65. L'abbé Roger, et quelques-uns de ceux qui étaient avec lui, étaient du nombre de ceux que l'homme de Dieu avait péchés un jour à Châlons-sur-Marne, et, c'est à leur sujet et parmi eux, qu'il arriva encore quelque chose de pareil à ce que je viens de rapporter. Il allait souvent à Châlons, à cause de l'évêque de cette ville, et un jour il en revint en ramenant avec lui une foule de nobles, de gens de lettres, de clercs et de laïcs. Ils étaient encore dans l'endroit consacré à la réception des étrangers, où Bernard arrosait ces nouvelles plantes des eaux célestes de ses exhortations, quand survint le moine préposé à la garde de la porte, qui lui annonça que leur maître à tous, Étienne de Vitry, se présentait pour renoncer au monde et demeurer avec eux. Qui, à la place de Bernard, ne se serait point réjoui de l'arrivée de cet homme, surtout à une époque où la vallée de Clairvaux n'était pas trop fournie de pareil froment? Mais lui, instruit par le Saint-Esprit, qui lui fit connaître les embûches des esprits de malice, garde quelque instants le silence, pousse un gémissement, et enfin s'écrie de manière â être entendu de tout le monde : « C'est l'esprit malin qui l'a amené ici. Il est venu seul, il s'en ira de même. » Tout le monde fut stupéfait à ces mots, car, en apprenant qu'il était venu, on avait commencé par ne plus se posséder de joie. Cependant, pour ne point scandaliser des hommes qui n'étaient encore que de faibles enfants, il le reçut, lui recommanda, avec soin, la persévérance et l'amour des autres vertus : mais comme il savait bien que, en promettant tout il ne ferait rien, il le plaça, pour l'éprouver, dans la salle des novices qui cherchaient Dieu véritablement et persévéraient dans leur projet. Mais, pas un mot de ce qu'il avait prédit ne tomba par terre. Ce même Étienne, comme il le confessa depuis, étant encore dans la salle des novices, aperçut un petit Maure qui sortait de l'oratoire. Il resta là environ neuf mois entiers, puis finit par faiblir, et, comme Bernard l'avait prédit., il repartit seul ainsi qu'il était venu. Mais la ruse de l'ennemi se trouva déjouée, et celui qu'il avait préparé pour la ruine des novices, la confirma, au contraire, par sa propre ruine.

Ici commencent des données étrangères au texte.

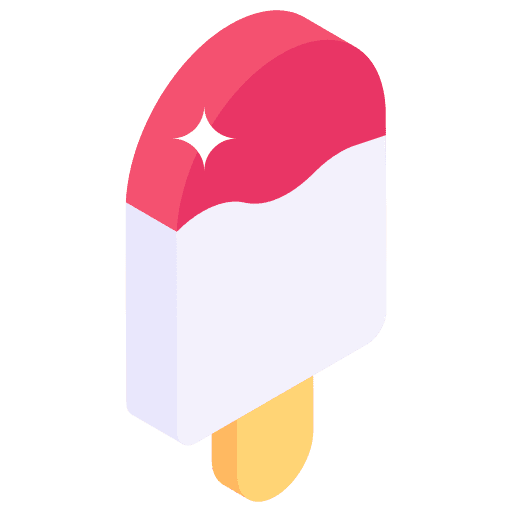 Popsicle summer ice cream summertime icon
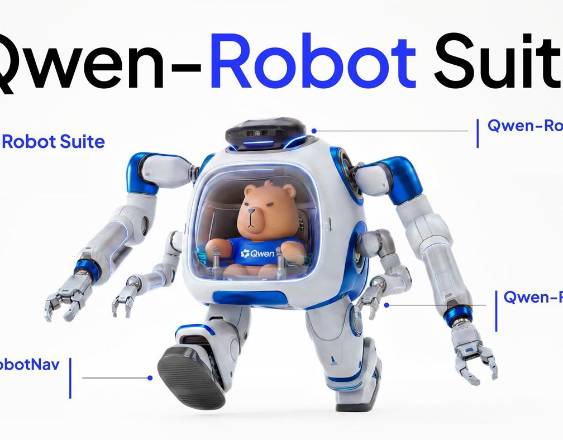QWEN | Imagen de Qwen-Robot Suite.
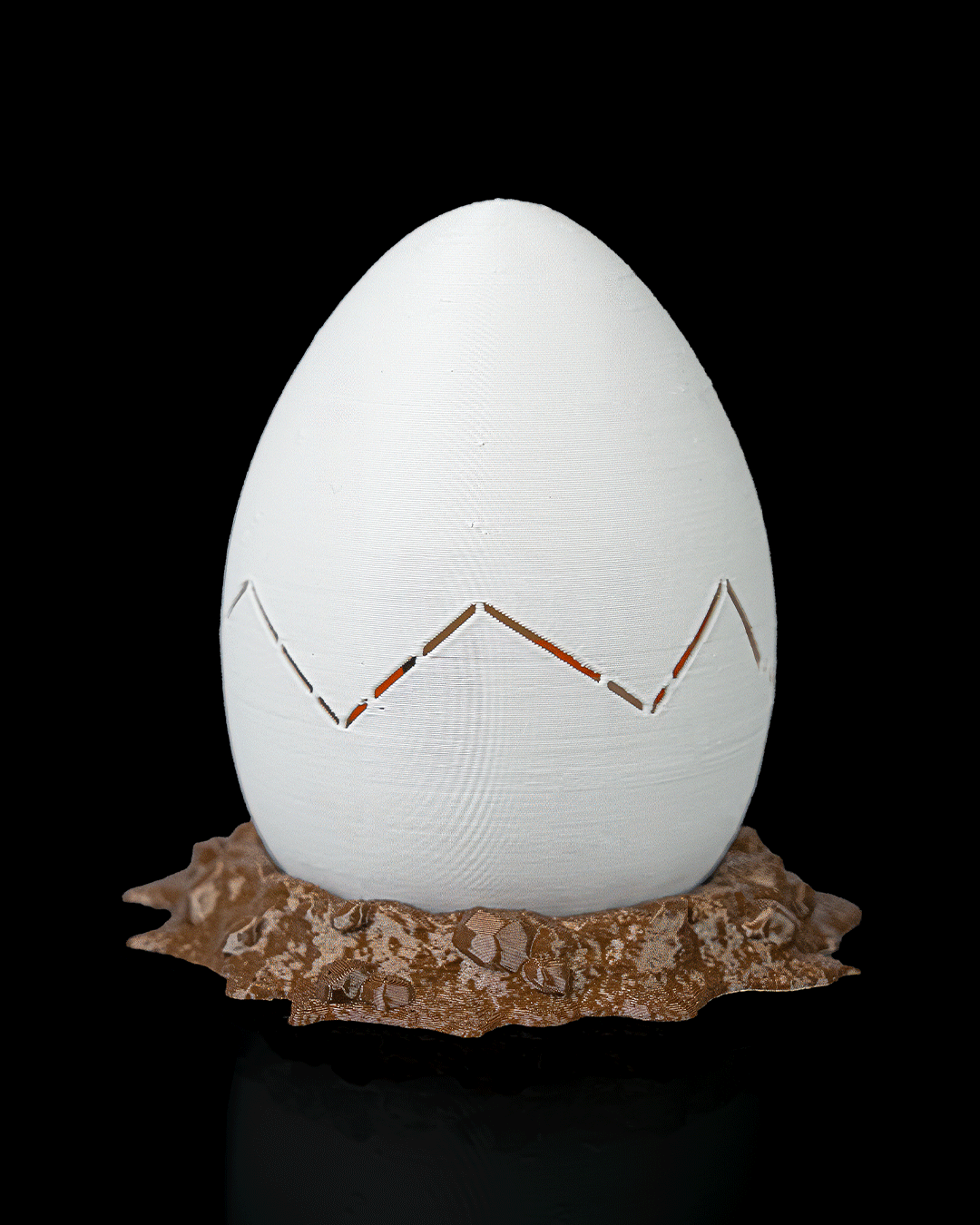 Tiny Dilopho Dino Egg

66. Avant de quitter Châlons, disons encore que, un jour que le saint abbé revenait de cette ville, lui, et ceux qui étaient avec lui, eurent beaucoup à souffrir du froid et du vent. Plusieurs personnes de sa suite, prenant les devant et ne l'attendant point à cause de la rigueur du froid, il finit par se trouver presque seul. Or, il arriva que l'un des deux religieux qui allaient avec lui, ayant eu l'imprudence de lâcher son cheval, cet animal partit et se mit à courir à travers champs. Comme ils ne pouvaient l'attraper et que le froid était trop rigoureux pour qu'on perdît beaucoup de temps à sa poursuite, le saint dit : « Prions, » et il se mit à genoux avec le frère qui était resté avec lui. Ils n'avaient pas encore fini l'oraison domi nicale, que le cheval revint de lui-même, avec calme, s'arrêter aux pieds de l'homme de Dieu, qui le remit à son cavalier.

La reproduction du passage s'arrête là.